*Records for this task*:
•••
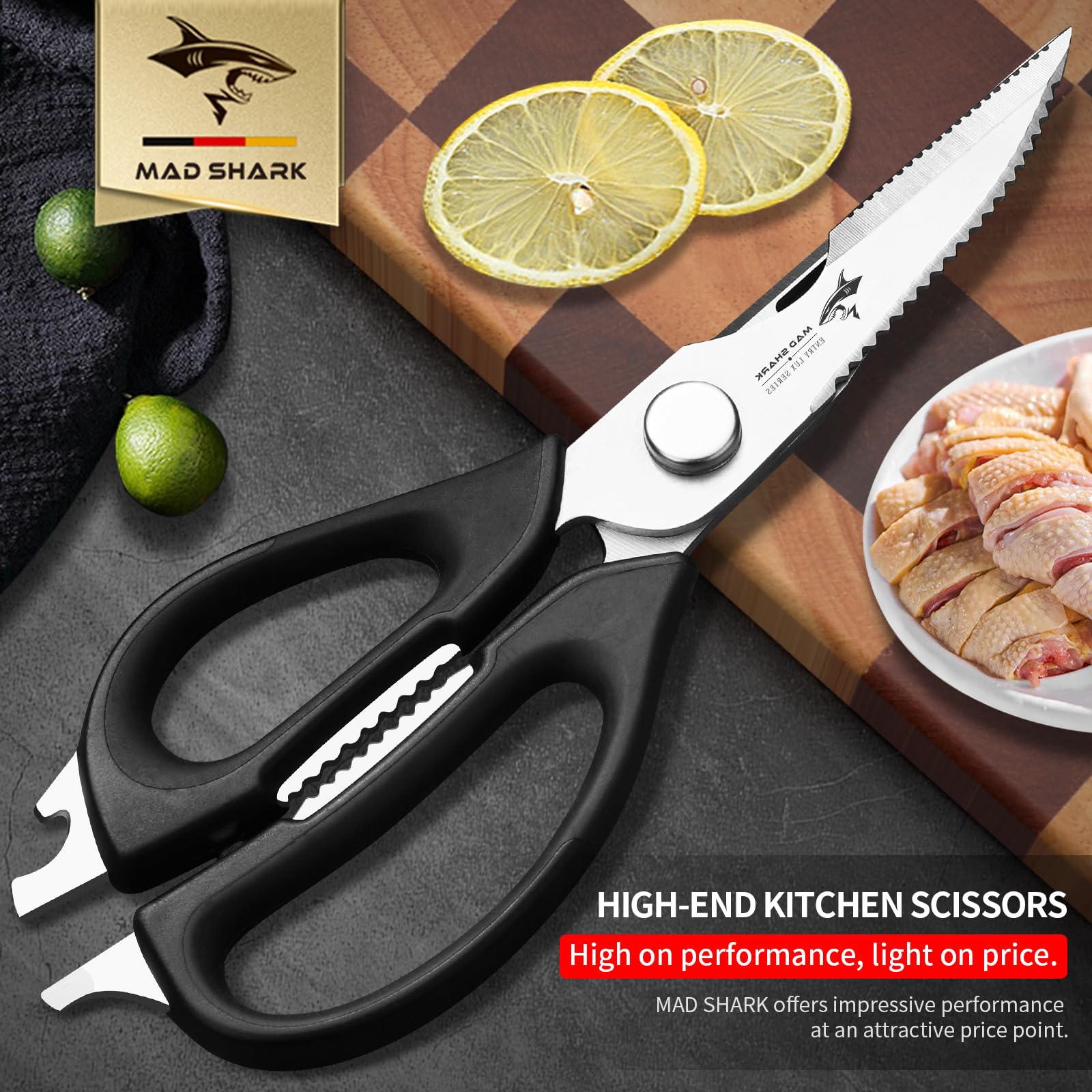 MAD SHARK 3cr13 stainless steel blades stay sharp for easy slicing.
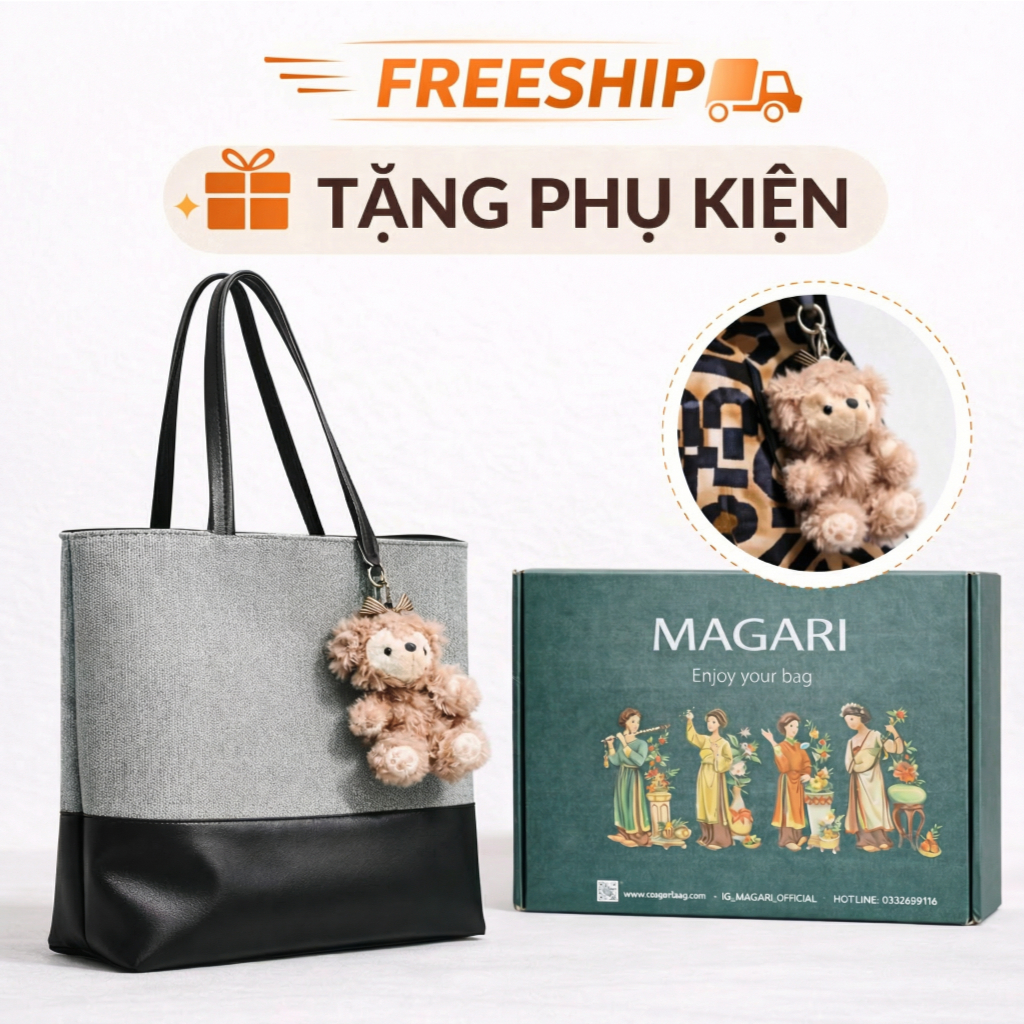 Túi Công Sở Nữ Tote Da Đựng Laptop xách tay Thời Trang cỡ to đi học đi làm đi dạy Magari Denim Bag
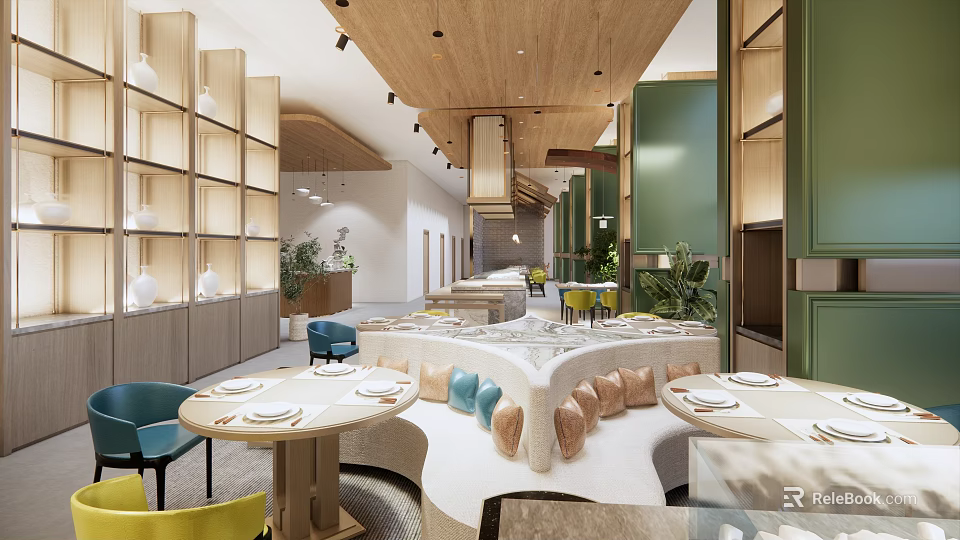 Restaurant Interior With Wooden Ceiling Colorful Chairs Round Dining Tables Sofa Seating And Green Plants 3d model 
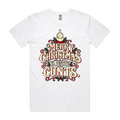 Merry Christmas, Ya Festive Cunts — Men's Staple Tee in white, front product flatlay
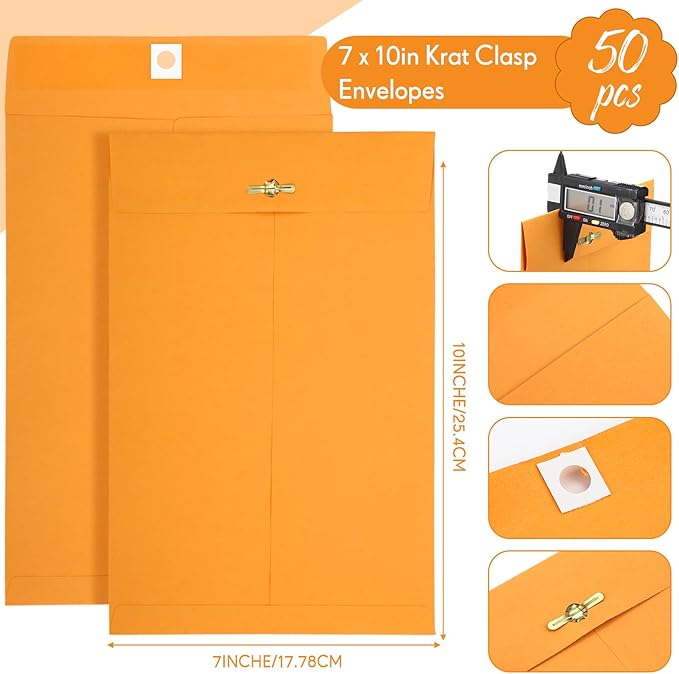 Teling 50 Pcs Manilla Envelopes Clasp Kraft Catalog with Closure for Storing Mailing 28 lb Kraft Envelope Paper for Office Document School Business Home(Yellow,7 * 10)
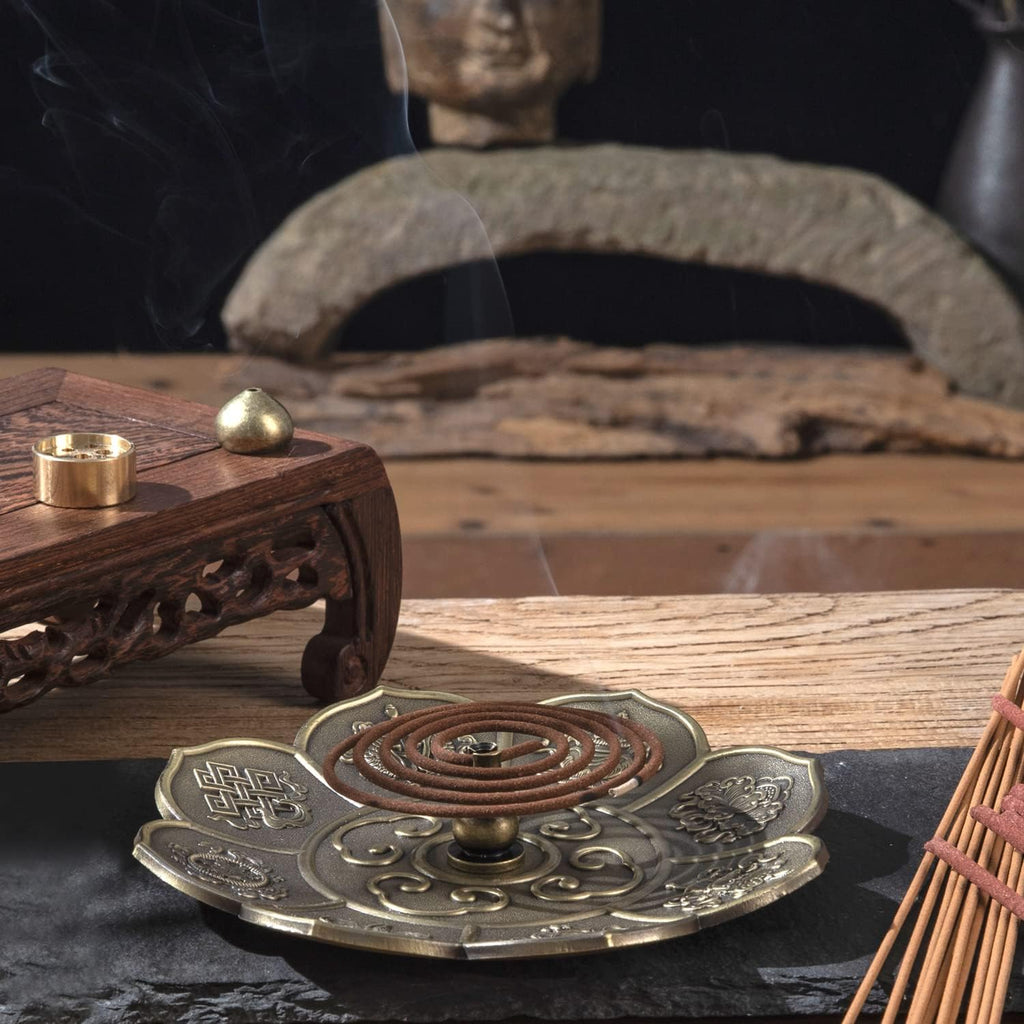 Brass Plate Incense Holder Set- 4 in 1 Incense Burner - for Smudging Bowl, Offering Bowl, Incense Burner Holder, Ash Catcher,Jewelry Dish (Large Sized)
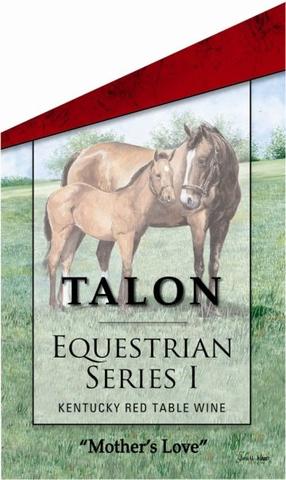 Mothers Love by John Ward Featured on Talon Winery's Equestrian Series Wine Bottle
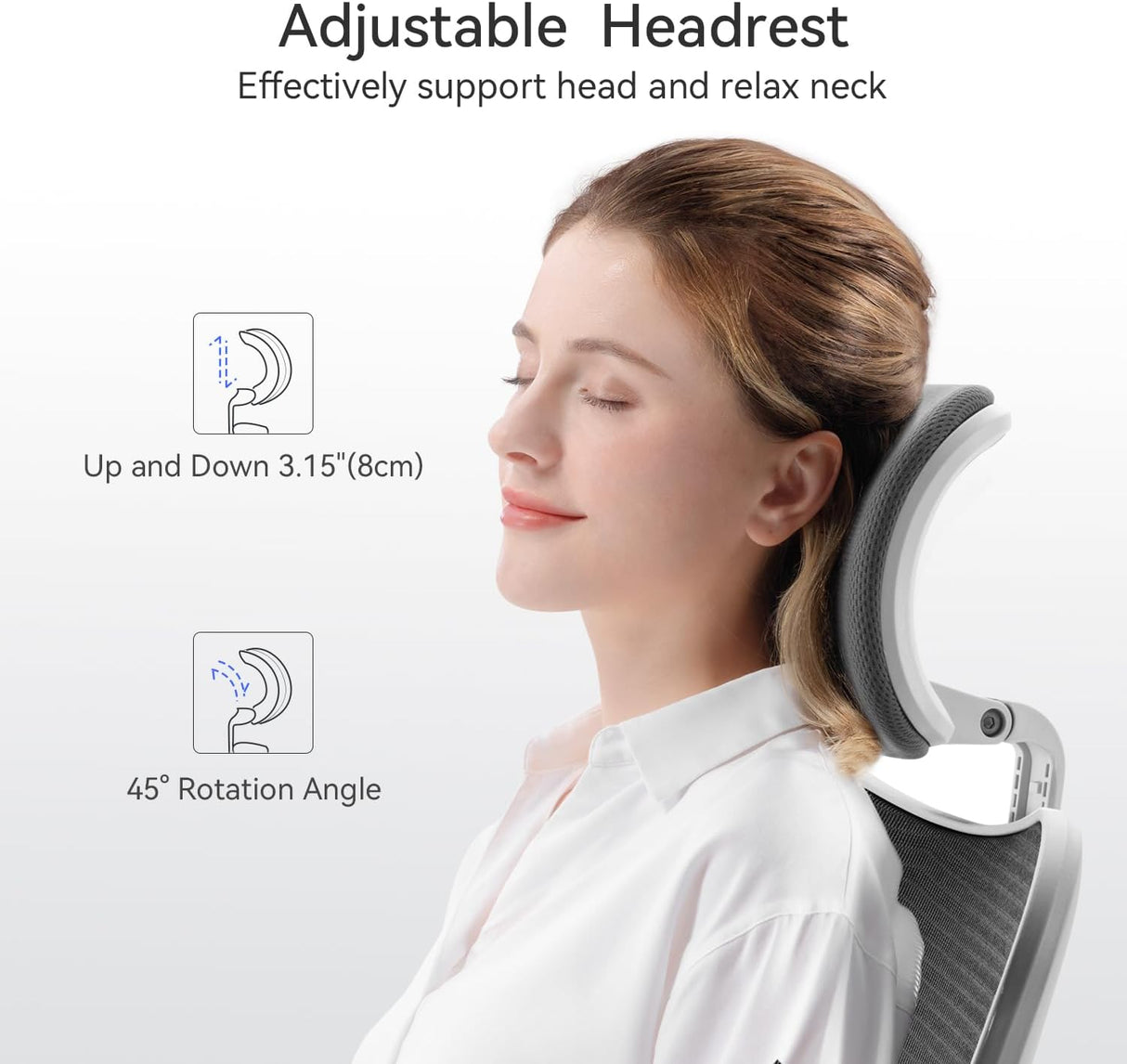 SIHOO M18 Ergonomic Office Chair - Dark Grey with Adjustable Headrest and Lumbar Support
•••
*About this exercise*: The stretch to restate runs from the line above containing "Túi Công Sở" through the line containing "Merry Christmas, Ya". Copy it word for word, ends included, without pictures.

*Output of the task*:
 Túi Công Sở Nữ Tote Da Đựng Laptop xách tay Thời Trang cỡ to đi học đi làm đi dạy Magari Denim Bag
 Restaurant Interior With Wooden Ceiling Colorful Chairs Round Dining Tables Sofa Seating And Green Plants 3d model 
 Merry Christmas, Ya Festive Cunts — Men's Staple Tee in white, front product flatlay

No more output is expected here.